I don’t want to write about this, but I feel like I should because of how some are attacking Christine Blasey Ford’s credibility based on her not remembering certain details. Maybe my experience will help others understand, maybe not. Either way here goes…

I was abused as a child. Not sexually, but physically and emotionally. It was violent. It was torture. It wasn’t daily, but it was frequent, and I lived in fear at all times. The abuse left physical marks — scratches, bruises, welts, lumps. It left indelible emotional scars that are with me to this very fucking moment. I’m 48 years old. The last episode of abuse I recall was at least 34 years ago.

I remember many details, which I don’t want to share. Just thinking about them as I write is awful enough. Here’s what haunts me most:

In the midst of abusive episodes, in the midst of physical and verbal violence, the phone would ring. My abuser would go on screaming vile insults and answer the call with a calm and placid tone — just another relaxing day. I’d be required to stand silently while a protracted conversation took place, which would be followed by resumption of the abuse.

One time, it was our priest on the line. After a cheerful conversation, the abuse resumed.

At the time, it was terrifying and humiliating. Looking back as an adult, I realize this wasn’t someone getting angry and losing control. It was intentional. Even with breaks and an opportunity to reconsider, the abuser would go back to torturing me. Decades later, this knowledge tears me up.

I remember where most of these events took place because they were at home. I know who abused me because I knew them well. I recall with specificity some of the exact things done to me — implements used, injuries caused, words said. Being forced to clean up after.

I remember instances where there were witnesses, and who those witnesses were. I remember feeling powerless, frightened, and hopeless. I remember feeling nauseous every day coming home from school. It wasn’t until I left home that I learned I wasn’t just prone to being car sick.

But, I couldn’t give you a single date. There are instances where I couldn’t give a location other than “the car” or “beach house.” At this point, I couldn’t tell you what precipitated even one episode of abuse, although I surely knew at the time.

I never reported any of this despite frequent opportunities. I talked about it years later with loved ones, and then in counseling, but at the time, I lied. The abuse left visible marks that drew questions from friends, teachers, and in some cases complete strangers. At every turn, I lied about the cause of the injuries.

I still don’t fully understand why I protected the abuser. As an adult looking back, I think it was fear that nothing would happen and that I’d get it even worse. And there was shame because I believed I deserved it. One time, I ran away from home (it lasted maybe four hours). The aftermath…well…the difference between me escaping that episode alive or without serious head trauma was the quick reflexes of someone nearby.
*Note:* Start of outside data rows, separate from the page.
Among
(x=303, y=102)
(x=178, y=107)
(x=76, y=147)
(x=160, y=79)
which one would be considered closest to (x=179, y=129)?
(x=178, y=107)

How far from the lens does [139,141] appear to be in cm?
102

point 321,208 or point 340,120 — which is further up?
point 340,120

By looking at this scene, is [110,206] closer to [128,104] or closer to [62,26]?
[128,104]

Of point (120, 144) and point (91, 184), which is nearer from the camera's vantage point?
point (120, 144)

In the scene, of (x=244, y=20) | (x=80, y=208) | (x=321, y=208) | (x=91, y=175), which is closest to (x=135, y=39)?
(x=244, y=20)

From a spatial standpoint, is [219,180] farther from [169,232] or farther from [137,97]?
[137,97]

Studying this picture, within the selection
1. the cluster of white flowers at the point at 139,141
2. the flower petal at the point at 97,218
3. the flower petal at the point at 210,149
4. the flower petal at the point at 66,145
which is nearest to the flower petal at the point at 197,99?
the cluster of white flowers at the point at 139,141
I sometimes wonder: what the fuck was wrong with me? Not just for not telling someone, but what was wrong with me that caused the abuse. Because, as crazy as it sounds now, I believed I deserved it. Intellectually I know I didn’t. I know it was about the abuser’s problems. But…I still sometimes wonder.
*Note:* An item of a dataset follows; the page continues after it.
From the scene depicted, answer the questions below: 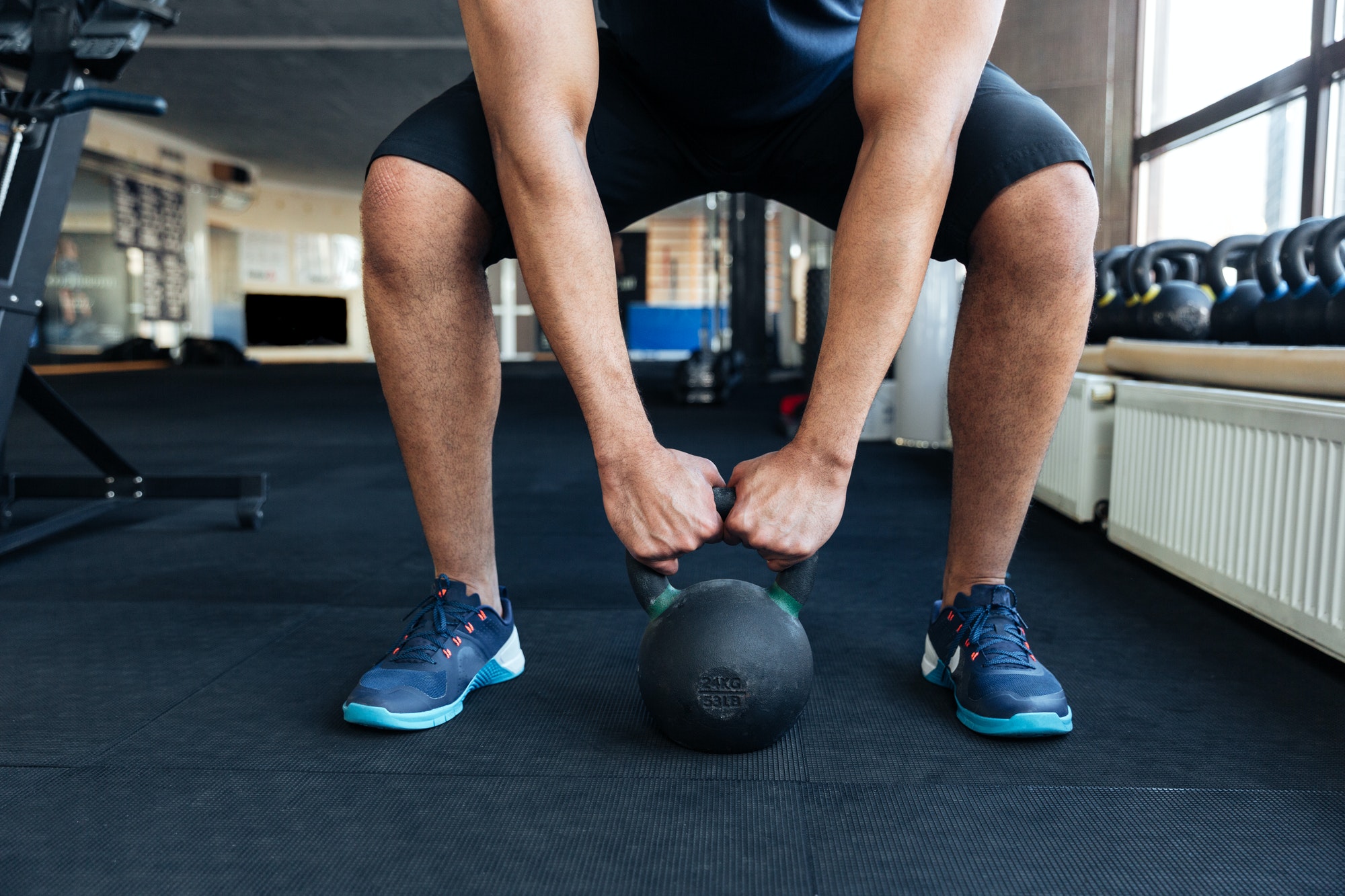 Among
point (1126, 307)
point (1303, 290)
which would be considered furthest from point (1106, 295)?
point (1303, 290)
I recognize there are differences in how child abuse and sexual assault are viewed by many. Children are considered blameless victims. Teen girls and women who get assaulted are often assigned some measure of responsibility for getting attacked. “What was she doing at a drinking party with boys?” “She was wearing a short skirt…” and so on.

That’s all bullshit. What causes sexual assault is the same thing as what causes child abuse: an abusive person. It’s not the victim’s fault. Even if we sometimes blame ourselves.

What does all this say about whether Blasey Ford or Kavanaugh are telling the truth? Maybe nothing. But, the delay in Blasey Ford talking about the assault, and the gaps in her recollection are not indicators she’s lying. It’s normal. For what it’s worth, I believe her.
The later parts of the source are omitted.